> _YOUR TASK_:
Going through the material below, output exactly the lines from the one containing "England and Ghana" through the one containing "Hjälmar ryttarutrustning till", and no pictures.

> _RECORDS SUPPLIED_:
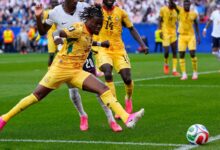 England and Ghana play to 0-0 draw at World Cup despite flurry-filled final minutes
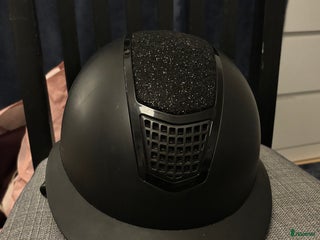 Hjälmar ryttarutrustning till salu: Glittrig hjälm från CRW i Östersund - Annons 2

---

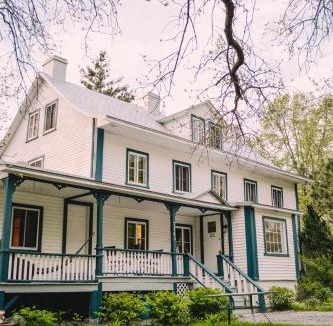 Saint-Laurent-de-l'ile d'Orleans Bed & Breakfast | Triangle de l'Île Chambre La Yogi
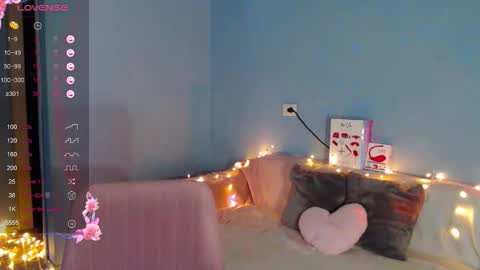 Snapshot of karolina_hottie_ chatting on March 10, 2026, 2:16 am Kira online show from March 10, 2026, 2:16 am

> _ANSWER TO THIS EXERCISE_:
 England and Ghana play to 0-0 draw at World Cup despite flurry-filled final minutes
 Hjälmar ryttarutrustning till salu: Glittrig hjälm från CRW i Östersund - Annons 2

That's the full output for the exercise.